»»

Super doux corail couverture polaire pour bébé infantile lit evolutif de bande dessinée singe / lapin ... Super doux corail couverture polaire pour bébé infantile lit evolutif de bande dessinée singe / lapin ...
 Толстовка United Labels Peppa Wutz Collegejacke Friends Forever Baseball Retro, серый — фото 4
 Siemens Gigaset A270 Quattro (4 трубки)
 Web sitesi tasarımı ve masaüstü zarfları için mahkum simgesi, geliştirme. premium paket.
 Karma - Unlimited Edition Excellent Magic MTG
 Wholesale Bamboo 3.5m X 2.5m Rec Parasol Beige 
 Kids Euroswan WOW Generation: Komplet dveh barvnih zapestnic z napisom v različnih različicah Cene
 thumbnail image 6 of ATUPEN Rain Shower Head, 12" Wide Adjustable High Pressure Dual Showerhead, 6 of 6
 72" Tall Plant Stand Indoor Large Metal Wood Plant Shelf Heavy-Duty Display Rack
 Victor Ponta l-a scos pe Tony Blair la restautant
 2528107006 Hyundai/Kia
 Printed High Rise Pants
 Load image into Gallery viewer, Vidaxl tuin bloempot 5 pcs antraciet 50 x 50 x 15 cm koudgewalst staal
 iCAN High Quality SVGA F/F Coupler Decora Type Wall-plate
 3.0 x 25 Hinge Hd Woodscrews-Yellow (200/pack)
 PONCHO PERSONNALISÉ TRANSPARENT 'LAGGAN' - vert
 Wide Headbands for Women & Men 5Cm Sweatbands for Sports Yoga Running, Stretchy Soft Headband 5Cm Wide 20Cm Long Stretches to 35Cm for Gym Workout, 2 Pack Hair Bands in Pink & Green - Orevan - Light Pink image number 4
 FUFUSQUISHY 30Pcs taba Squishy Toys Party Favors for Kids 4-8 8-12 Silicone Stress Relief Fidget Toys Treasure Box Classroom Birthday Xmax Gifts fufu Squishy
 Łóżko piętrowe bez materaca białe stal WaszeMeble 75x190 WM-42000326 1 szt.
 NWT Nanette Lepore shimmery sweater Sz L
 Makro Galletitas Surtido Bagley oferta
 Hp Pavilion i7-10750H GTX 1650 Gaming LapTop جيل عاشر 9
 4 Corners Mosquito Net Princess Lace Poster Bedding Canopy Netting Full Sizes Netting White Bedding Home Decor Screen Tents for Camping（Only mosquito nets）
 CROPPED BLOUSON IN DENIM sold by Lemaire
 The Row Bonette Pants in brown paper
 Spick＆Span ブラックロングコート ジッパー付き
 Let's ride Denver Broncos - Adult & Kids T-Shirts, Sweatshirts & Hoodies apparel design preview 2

««

> What you will do:
Only lines holding the word "High" belong in the answer; copy each one from the material.

> Response to the task:
 thumbnail image 6 of ATUPEN Rain Shower Head, 12" Wide Adjustable High Pressure Dual Showerhead, 6 of 6
 Printed High Rise Pants
 iCAN High Quality SVGA F/F Coupler Decora Type Wall-plate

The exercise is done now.